Huelga indefinida de trabajadores de tierra afecta parcialmente operaciones en Palma
El aeropuerto de Palma ha registrado a primera hora de este miércoles una situación de normalidad, con retrasos puntuales en algunas operaciones debido a la huelga de trabajadores de tierra convocada por CCOO, UGT y USO. En concreto, se contabilizaron dos salidas retrasadas y cuatro llegadas demoradas, según datos de Aena. Por su parte, el aeropuerto de Eivissa no ha reportado incidencias relacionadas con la protesta.
Esta movilización, que comenzó el lunes 30 de marzo y afecta a doce aeropuertos en España, responde a un conflicto laboral en Groundforce, la compañía encargada del servicio de handling en tierra. La huelga se realiza en tres franjas horarias diarias y busca presionar a la empresa para que cumpla con los compromisos salariales establecidos en el convenio colectivo, que actualmente se encuentran en disputa.
El trasfondo político de esta movilización se enmarca en un contexto de tensión en el sector de servicios aeroportuarios, donde las relaciones laborales se han visto afectadas por interpretaciones unilaterales de la dirección y recortes en las subidas salariales acordadas. La disputa refleja también la creciente preocupación por la inflación y su impacto en los derechos laborales, en un escenario donde las negociaciones colectivas se vuelven más complejas.
Los sindicatos denuncian que la empresa está interpretando de manera restrictiva el artículo 96 del convenio, lo que impide aplicar actualizaciones salariales vinculadas a la inflación, afectando el poder adquisitivo de los trabajadores. Además, aseguran que se han producido recortes en las subidas salariales pactadas para ciertos grupos profesionales, generando desigualdades internas y tensiones adicionales.

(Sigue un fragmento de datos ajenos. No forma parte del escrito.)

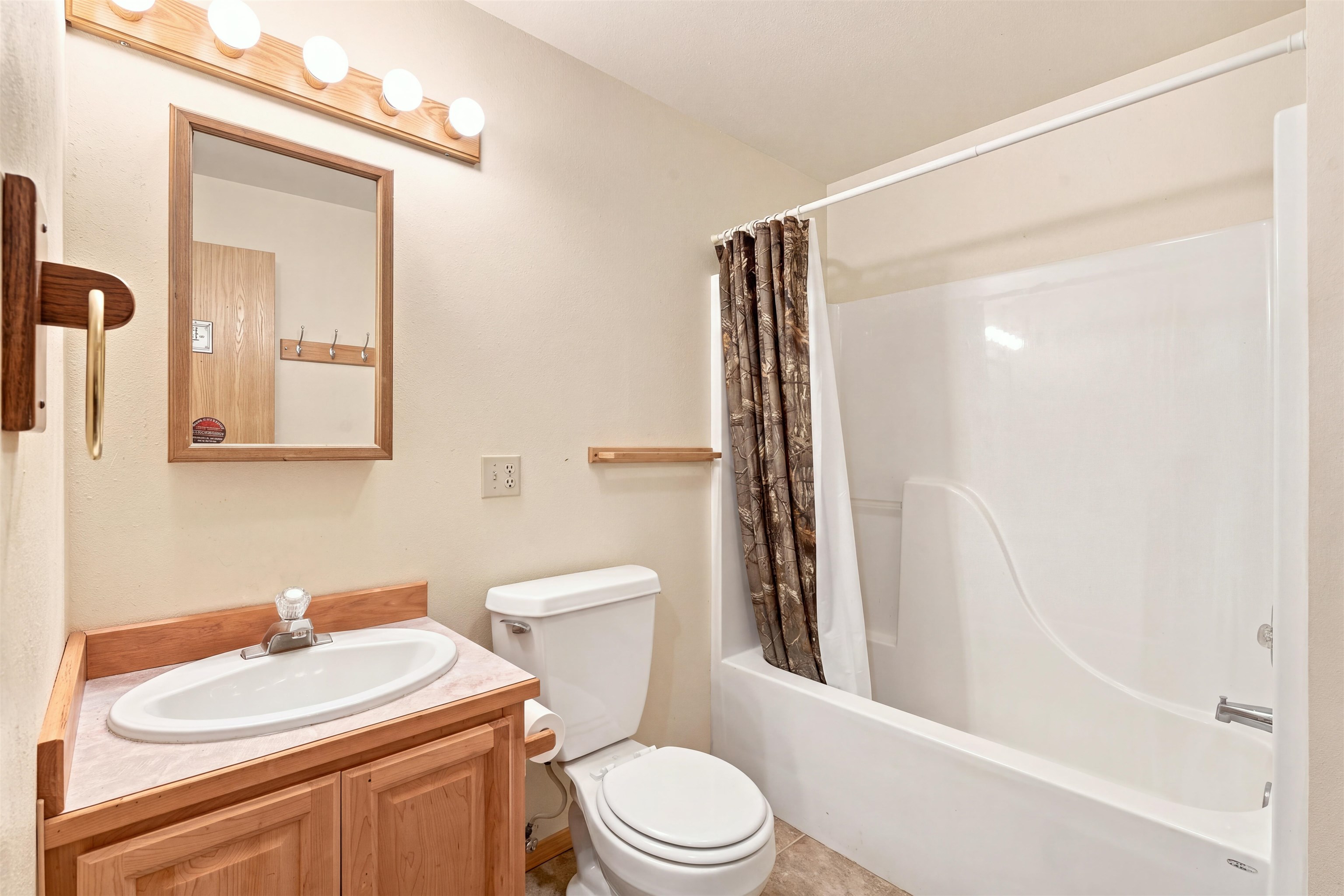 9722 Scotia Rd - Photo 20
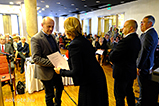DSCF4387.jpg
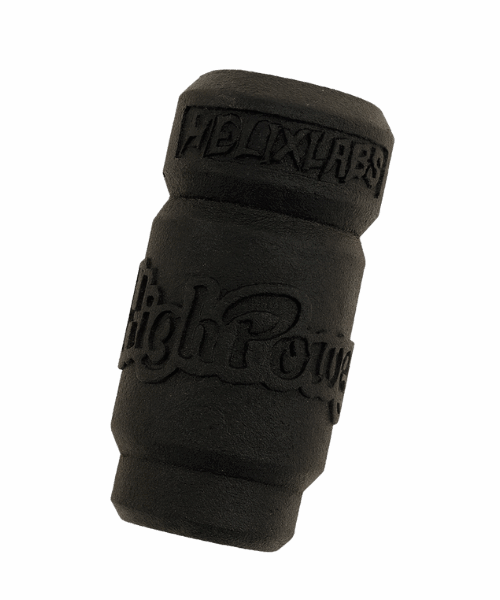 HighPony HELIX Kotol PRO 🔥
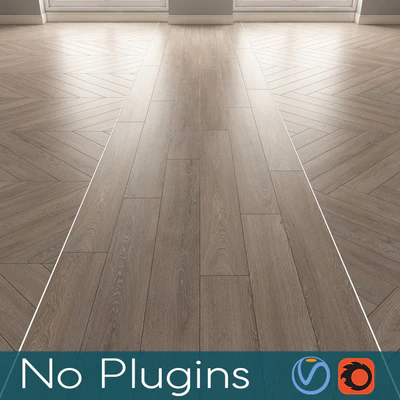 Floor 101 — Descargar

Este conflicto laboral en el entorno aeroportuario refleja una problemática más amplia en el sector del transporte y los servicios en Baleares y España, donde las negociaciones colectivas enfrentan desafíos ante la necesidad de equilibrar sostenibilidad económica y derechos de los trabajadores. La situación en Palma es solo una muestra de las tensiones existentes en un contexto de recuperación económica post-pandemia.
En el marco político, las autoridades y las empresas del sector están bajo presión para garantizar la estabilidad y la calidad del servicio en un momento clave para el turismo, un sector vital para las Islas Baleares. La gestión de estos conflictos laborales será determinante para mantener la confianza tanto de los viajeros como de los profesionales que trabajan en el aeropuerto.